Kosakata pulang tentu sudah diperkenalkan sejak masa-masa awal hidup saya. Bermula dari pulang untuk jarak-jarak yang pendek, seperti pulang dari simbah di dekat rumah. Lalu berlanjut pulang dari jarak-jarak yang makin panjang, seperti pulang dari rumah saudara atau teman di desa sebelah. Saya pernah bermimpi bepergian dan bahkan tinggal di tempat-tempat yang teramat jauh, negeri-negeri asing yang membuat pulang berarti jarak dan waktu tempuh yang panjang. Tapi mimpi itu tidak saya perjuangkan atau memang sudah jatah saya hanya untuk sejarak ini. Sehingga untuk pulang saya tidak perlu paspor dan dokumen lalu-lintas antarnegara lainnya.
Dulu, pulang adalah tindakan yang biasa. Sebiasa melangkahkan kaki dari pintu saudara/tetangga/teman menuju pintu rumah. Entah itu pintu depan, pintu samping, atau pintu belakang. Namun, ternyata bagi saya pulang seperti buah-buahan. Semakin lama, warna dan rasanya berubah menjadi semakin manis dan matang. Mungkin karena jarak yang semakin jauh (walau tak sejauh impian saya dulu) dan frekuensi yang semakin jarang.
Tapi sepertinya perubahan itu adalah karena sekarang saya adalah seorang ibu. Se-orangtua meski menurut definisi undang-undang, umur saya masih termasuk golongan muda. Sejatinya saya bukan tipe orang yang mudah homesick. Dulu, pulang adalah pulang tanpa bumbu-bumbu romansa macam-macam. Bahkan, saat masih berlabel siswi dan mahasiswi, pulang adalah kebutuhan untuk mendapatkan suntikan dana dan macam-macam logistik mingguan/bulanan. Pulang adalah untuk “menyedot” persediaan dari orangtua.

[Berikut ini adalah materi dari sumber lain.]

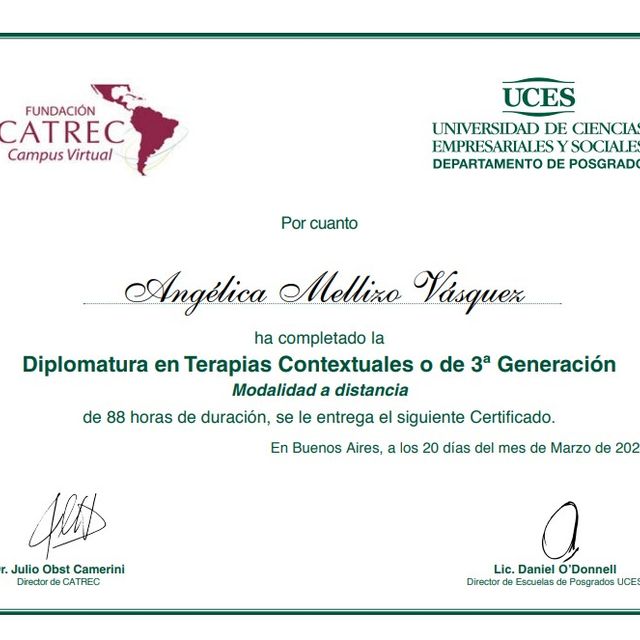 Acercar imagen: certificate 2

Kehadiran Ale dan Elo mengubah persepsi saya soal pulang. Saya suka membayangkan, kelak jika mereka dewasa dan tinggal jauh. Anak-anak yang semasa kecil selalu bersama saya, selalu mengekor kemanapun saya pergi, tapi kemudian pergi jauh dan tak bisa saya ikuti (tepatnya saya tidak ingin ikut karena mereka toh harus membangun keluarga sendiri. Ini rancangan manusia yang mungkin berbeda dengan rancangan Tuhan). Hanya saya dan BJ di rumah. Dan saat mereka pulang dari tempat jauh, hati saya akan mengembang seperti parasut yang dihembus angin. Hati saya juga hangat seperti secangkir kopi yang belum lama dibikin.
Menggunakan ukuran pribadi untuk menyangka respon orang lain memang tidak selalu tepat. Tetapi, dalam hal pulang, saya percaya orangtusaya (yang saat ini tinggal emak dan ibu mertua) punya perasaan seperti yang saya bayangkan. Emak maupun ibu memang tidak tidak pernah meminta baik secara tersamar maupun lugas untuk kami pulang. Beliau berdua jelas paham jika biaya kepulangan kami tidaklah murah. Tapi saya dan suami mewajibkan diri untuk pulang karena kami yakin beliau berdua bahagia setiap kali kami tiba di rumah.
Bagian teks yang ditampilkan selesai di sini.